Published on June 20th, 2024 | by Rob Mammone

Book review: Of Jade and Dragons by Amber Chen

Of Jade and Dragons, author Amber Chen, published by Penguin Books in 2024. Cover art by Kelly Chong.

Pulling from the early Qing dynasty, then layering over elements of steampunk (or silkpunk, as the author’s site terms it), Of Jade and Dragons, which is Chen’s debut novel, is a confident and fast paced entry into the bubbling young adult fiction market.

Aihui Ying is a young woman living on a distant island far from the political manoeuvring in the capital. However, distance is never enough protection when an assassin kills her father. Spurred on by her own ambitions to join the Engineers Guild (where her father once attended) and to find her father’s killer and avenge his death, Ying begins a long journey that takes her further than she could ever have imagined.

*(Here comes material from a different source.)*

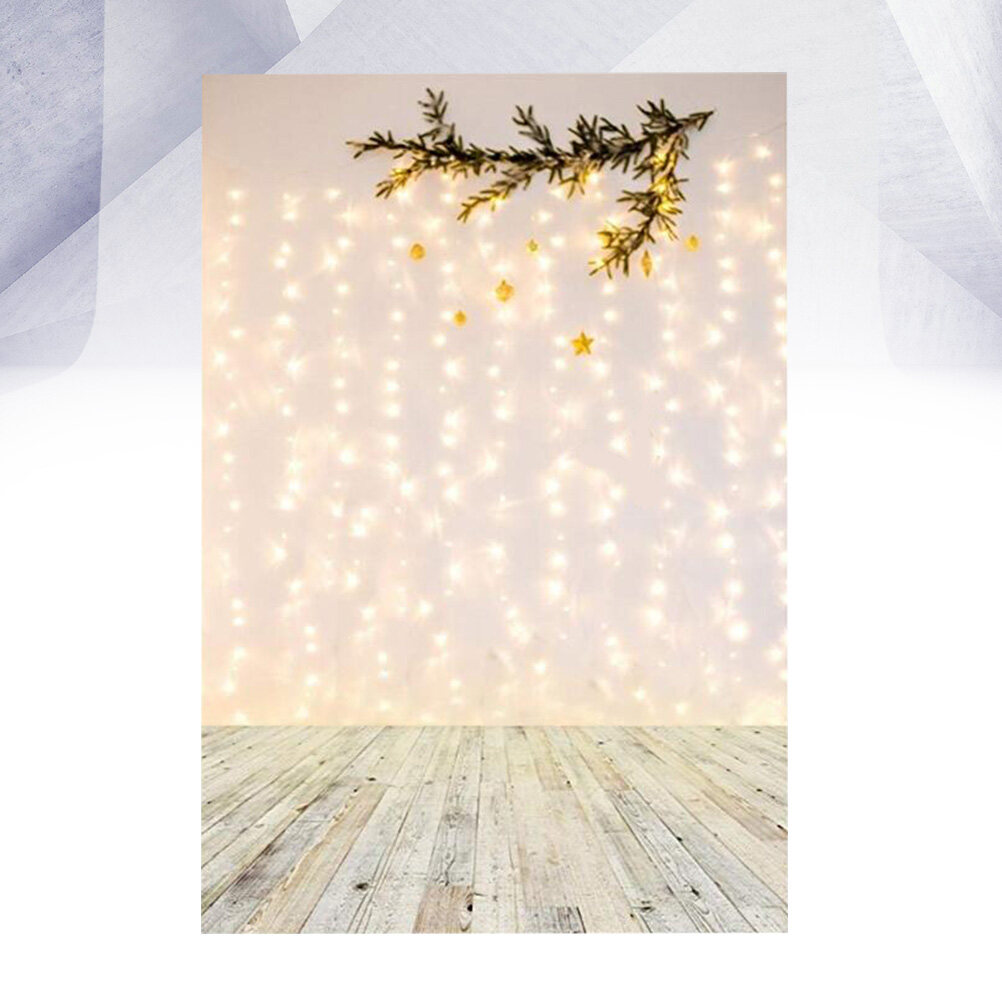 OUNONA Photo Backdrop Seamless not Stitching Romantic Pattern ...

I’ve been reading fantasy, and its many variations, for more than forty years, and have watched with great interest how in this century, the genre has changed. We’ve seen the welcome opening up of the field to people of colour and many more female voices. What we haven’t seen, to my great amusement and interest, is that the tropes have largely stayed the same. So with Of Jade and Dragons, while the setting is certainly not the Western Europe with dragons that I grew up with, a lot of the details are tropes seen over the decades. A long journey, by an orphan with hidden skills and abilities escaping their rural backwater (Lord of the Rings (if you squint), Pawn of Prophecy, Magician etc etc).

None of this is a criticism of Chen – in fact it is comforting to see that despite all the changes in the field, some things are immutable. Readers want to see people triumph over adversity, and the lower their starting position, the greater the thrill as they climb to success.

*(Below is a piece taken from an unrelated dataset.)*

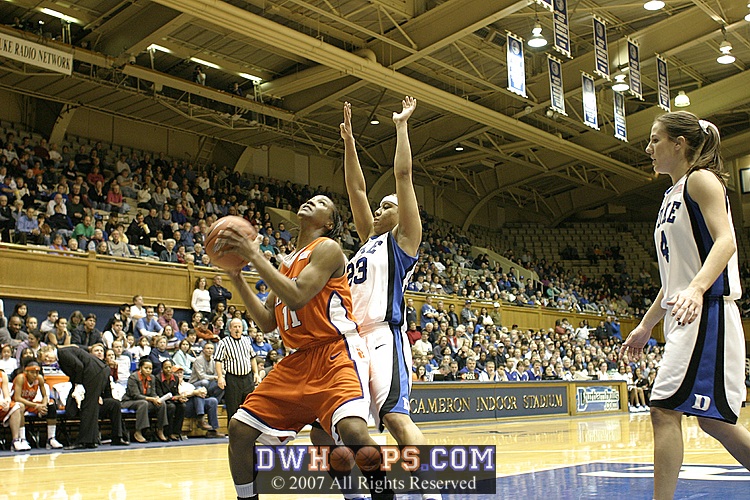 Lele Hardy looks...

Chen is an able writer who has created an immersive world inspired by Chinese history. While this is a YA novel, it isn’t written down to the level of children. There is violence, death and dark political machinations. There are also fully realised characters, like Ying, and those who are more conflicted, yet driven, such as Aogiya Ye-yang, son of the High Commander.

Chen does an admirable job of evoking Chinese history, the language, the customs, societal expectations, all within the framework of what is a fast paced, action packed story. Her characters, particularly Aihui Ying, are well drawn and compelling. Chen’s ability to reveal the story, layer by layer like an onion, demonstrates her skills as a writer and ability to control multiple strands. The deeper we the reader are led into the story, the more complex it becomes, and the more stunning the revelations. At a deeper thematic level, the journey of discovery Ying takes into the true meaning behind the events that started well before her father’s death, mirrors the process all teenagers undergo as the adult world opens to them, with all the opportunities and costs that become available.

I really, really enjoyed this book. It is a confident debut (though Chen has had other work self published) that bodes well for Chen’s career. Chen has written a book that demonstrates to their readers that boundaries are made to be crossed, that restrictions others place on you are for their benefit (mostly) and not for yours (mostly). It is an inspiring message for teenagers dealing with the anxieties of life – that if you’re true to yourself, and follow your instincts, you can (mostly) achieve your dreams. For those with teenage children looking for a book in the fantasy field that is full of strong characters, an evocative backdrop, full of excitement and action and deep emotion, you can’t go wrong with Of Jade and Dragons.